Прежде в Англии, когда я возвращался домой, меня встречал друг, который называл меня на «ты», который, дрожа от холода, открывал мне дверь нашего чердака, освещаемого вместо лампы лунным светом, опускался на убогое ложе, стоявшее рядом с моим, и укрывался своим худым одеялом, — теперь, в 1822 году, меня встречают две шеренги лакеев, за ними ожидают пять или шесть почтительных секретарей. Осыпаемый градом титулов: Монсеньор, Милорд, Ваша светлость, г‑н посол, — я вступаю в гостиную, обитую золотом и шелком.

— Умоляю вас, господа, оставьте меня! Довольно этих «милордов»! Что вы от меня хотите? Идите веселиться в канцелярию, не обращайте на меня внимания. Вы думаете, я принимаю всерьез весь этот маскарад? Вы считаете меня глупцом, который полагает, что, переменив платье, изменяет и прйроду?

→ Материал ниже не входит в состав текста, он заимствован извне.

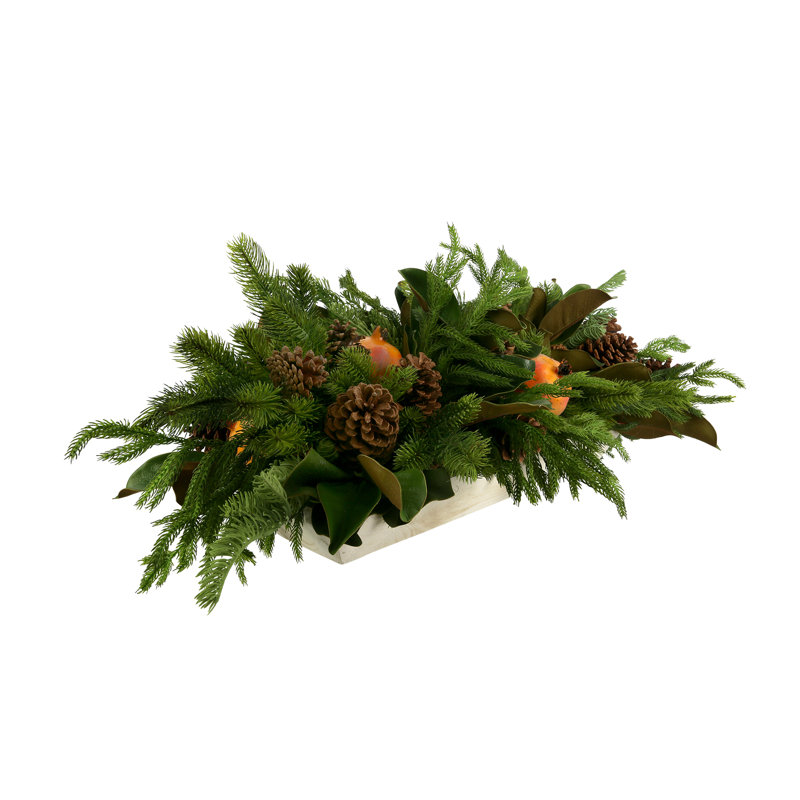 Holiday Arrangement with Evergreens, Pinecones and Pomegranates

Вы сообщаете мне, что скоро прибудет маркиз Лондондерри, что обо мне справлялся герцог Веллингтон, что за мной присылал г‑н Каннинг; леди Джерси ждет меня к обеду вместе с г‑ном Брумом; леди Гвидир зовет в Оперу и надеется увидеть меня в своей ложе в десять вечера; леди Мэнсфилд просит почтить своим присутствием ночное празднество в Элмекской зале *.

Помилуйте! куда мне деваться? кто освободит меня? кто избавит от этих преследований? Где вы, золотые дни моей нищеты и одиночества! Где вы, товарищи по изгнанию? Ко мне, старые друзья, делившие со мной походную кровать и соломенный тюфяк, пойдем в палисадник дрянного деревенского кабачка, сядем на деревянную скамью, выпьем по чашке скверного чая, вспомним наши безумные надежды и неблагодарную родину, поговорим о наших горестях, поищем средство помочь друг другу, поддержать кого-нибудь из родных, еще более нуждающегося, чем мы сами.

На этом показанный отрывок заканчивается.